----- Extracted records -----
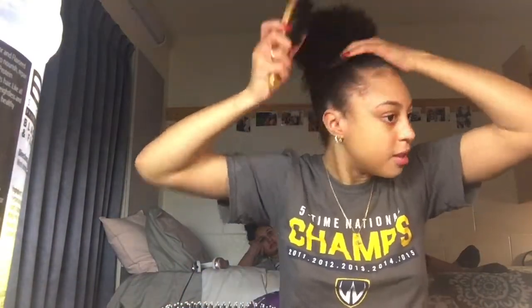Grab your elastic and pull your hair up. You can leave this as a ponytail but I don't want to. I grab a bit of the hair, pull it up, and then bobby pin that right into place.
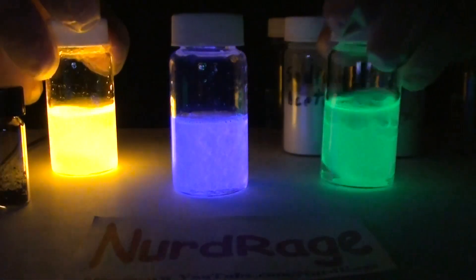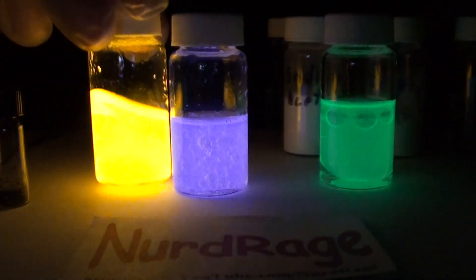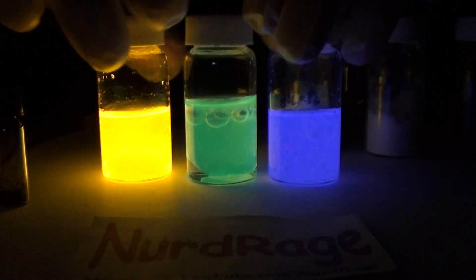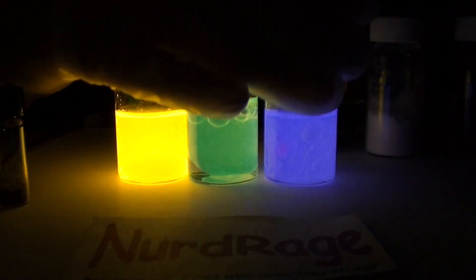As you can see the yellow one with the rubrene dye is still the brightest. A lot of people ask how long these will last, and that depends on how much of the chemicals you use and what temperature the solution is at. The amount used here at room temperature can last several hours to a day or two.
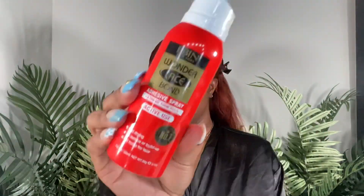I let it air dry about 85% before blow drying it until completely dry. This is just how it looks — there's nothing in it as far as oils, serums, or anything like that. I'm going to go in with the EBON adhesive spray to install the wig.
-----
----- Extracted records -----
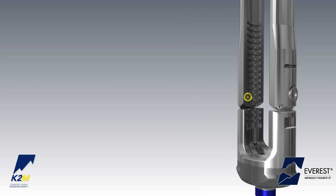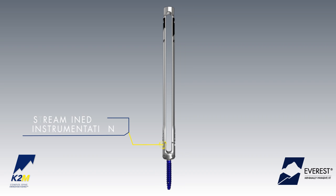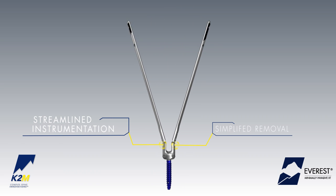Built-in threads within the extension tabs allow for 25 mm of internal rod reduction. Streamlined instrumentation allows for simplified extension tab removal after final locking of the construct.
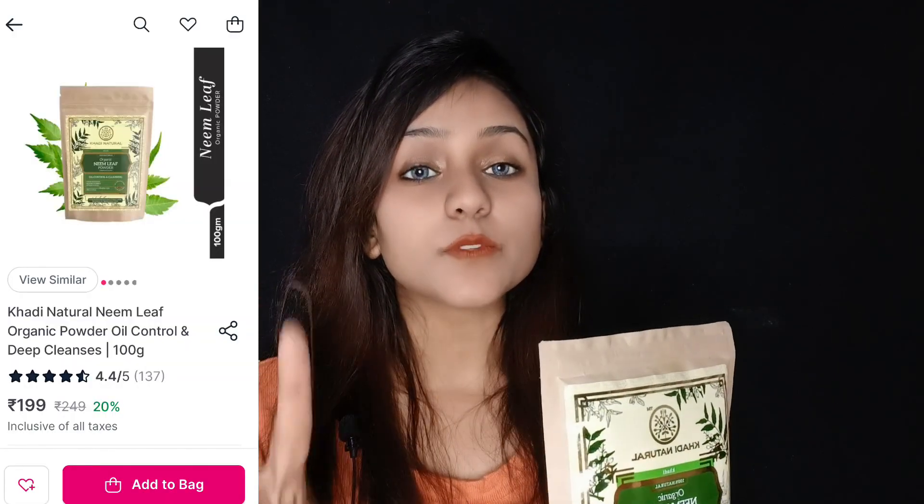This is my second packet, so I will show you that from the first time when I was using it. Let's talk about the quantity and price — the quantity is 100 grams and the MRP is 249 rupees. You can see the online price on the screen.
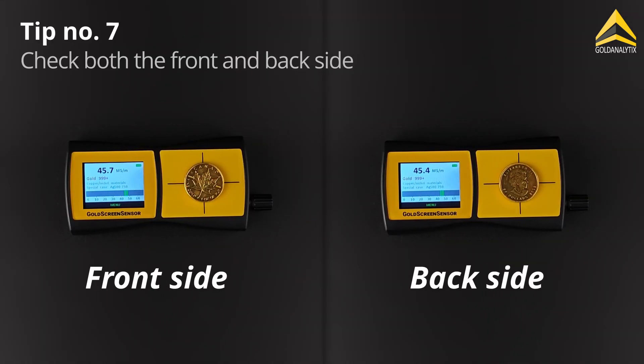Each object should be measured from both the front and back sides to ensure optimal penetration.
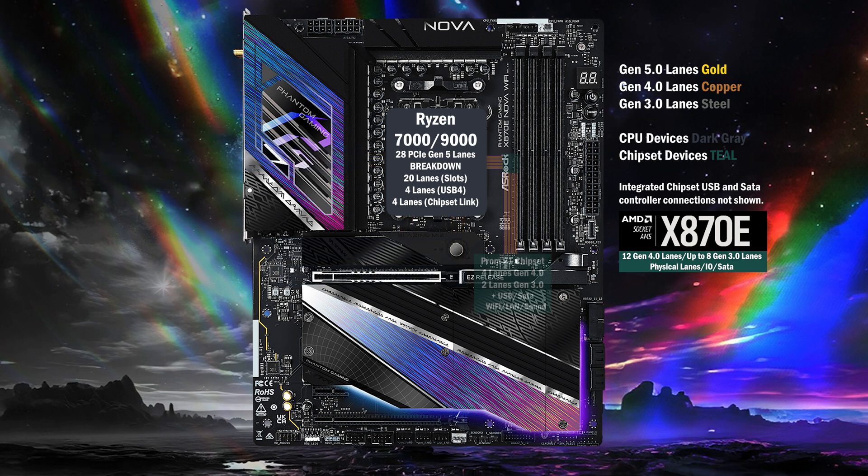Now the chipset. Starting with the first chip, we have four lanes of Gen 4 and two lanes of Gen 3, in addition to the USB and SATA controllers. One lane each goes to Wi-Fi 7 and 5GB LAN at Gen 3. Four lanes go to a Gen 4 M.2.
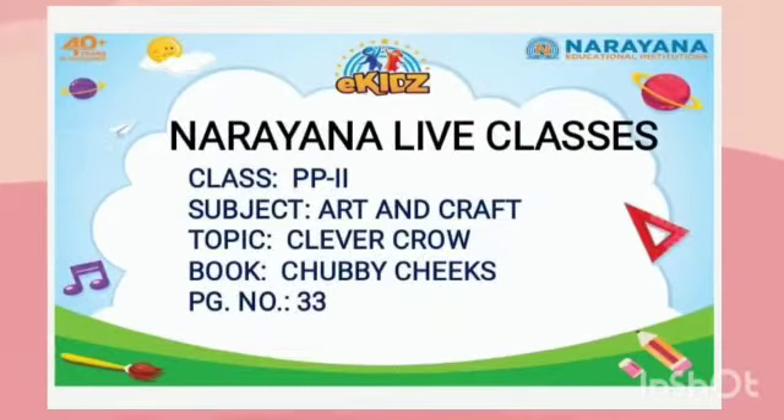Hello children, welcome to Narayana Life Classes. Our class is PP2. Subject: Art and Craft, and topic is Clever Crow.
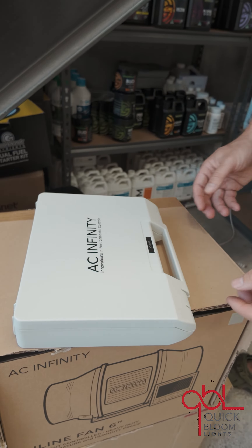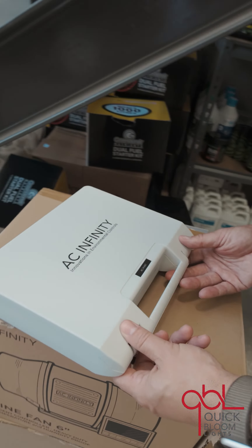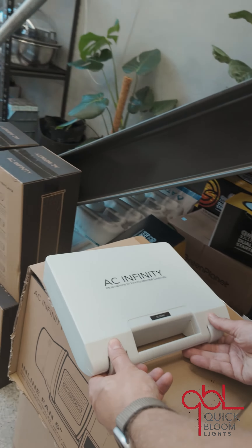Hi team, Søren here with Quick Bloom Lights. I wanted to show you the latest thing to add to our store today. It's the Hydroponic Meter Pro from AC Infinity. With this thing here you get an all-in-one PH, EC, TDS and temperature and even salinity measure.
-----
----- Extracted records -----
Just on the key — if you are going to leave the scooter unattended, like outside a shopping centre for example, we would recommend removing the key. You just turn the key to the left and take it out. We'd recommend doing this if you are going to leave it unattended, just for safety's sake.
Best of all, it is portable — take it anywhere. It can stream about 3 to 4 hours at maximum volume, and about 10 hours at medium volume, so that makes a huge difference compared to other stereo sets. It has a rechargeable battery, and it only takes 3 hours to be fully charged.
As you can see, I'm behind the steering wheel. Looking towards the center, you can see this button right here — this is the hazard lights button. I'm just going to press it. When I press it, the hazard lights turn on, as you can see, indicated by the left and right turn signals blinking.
-----
About this exercise =
Copy out all lines above holding "take".

Written solution =
Just on the key — if you are going to leave the scooter unattended, like outside a shopping centre for example, we would recommend removing the key. You just turn the key to the left and take it out. We'd recommend doing this if you are going to leave it unattended, just for safety's sake.
Best of all, it is portable — take it anywhere. It can stream about 3 to 4 hours at maximum volume, and about 10 hours at medium volume, so that makes a huge difference compared to other stereo sets. It has a rechargeable battery, and it only takes 3 hours to be fully charged.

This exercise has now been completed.